▶ [MATERIAL PROVIDED]:
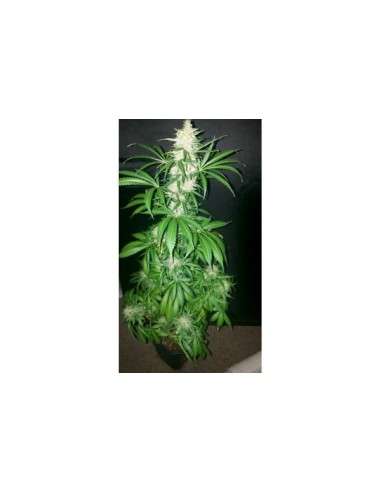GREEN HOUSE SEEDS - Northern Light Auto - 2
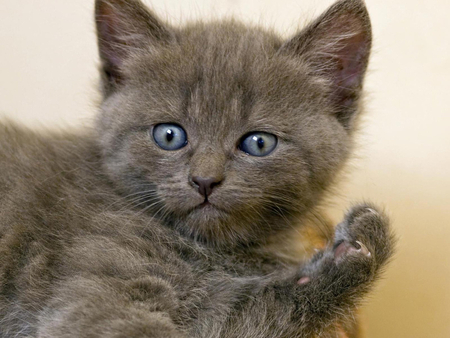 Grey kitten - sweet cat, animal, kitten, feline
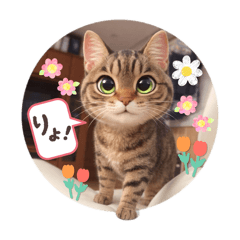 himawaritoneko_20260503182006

--

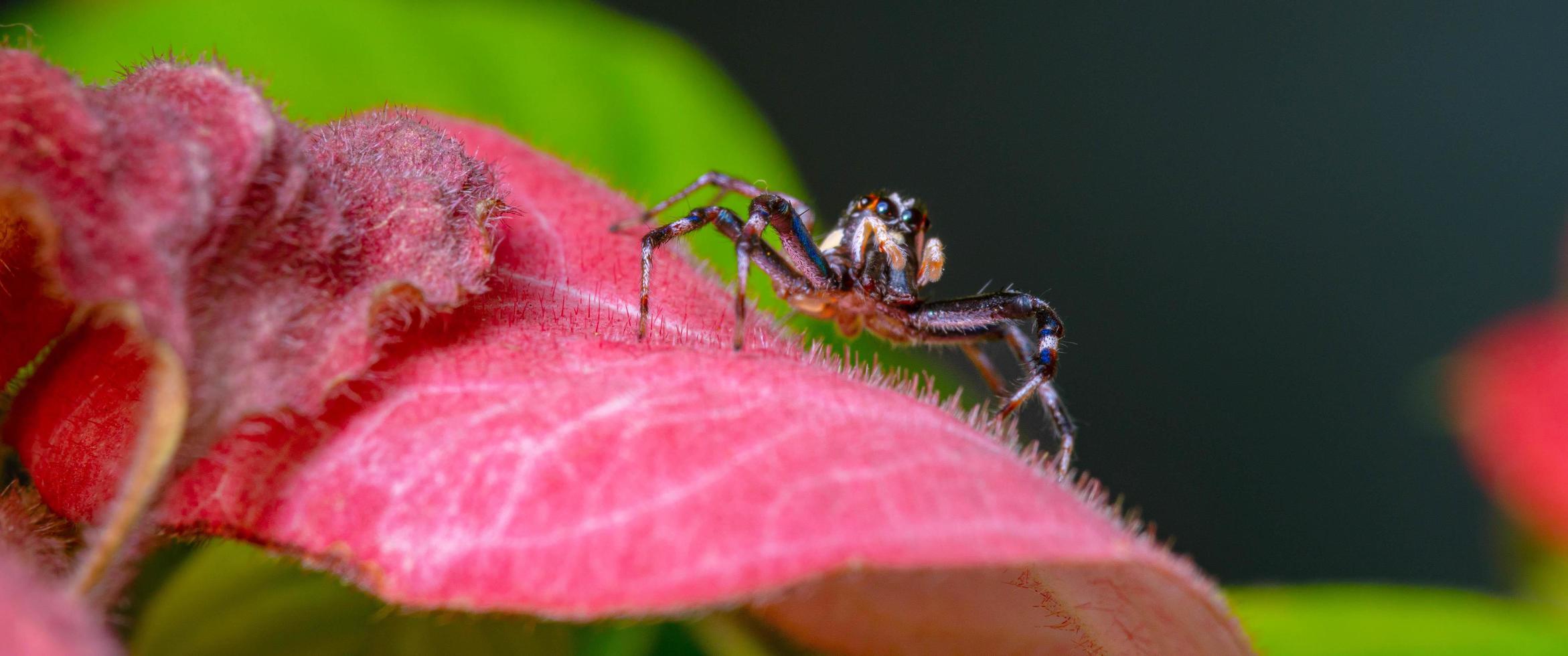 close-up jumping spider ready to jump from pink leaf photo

▶ [AIM OF THE EXERCISE]: What belongs in the answer is each line above from the line with "Grey kitten - sweet" to the line with "himawaritoneko_20260503182006", inclusive, reproduced exactly and free of pictures.

▶ [RESPONSE TO THIS TASK]:
 Grey kitten - sweet cat, animal, kitten, feline
 himawaritoneko_20260503182006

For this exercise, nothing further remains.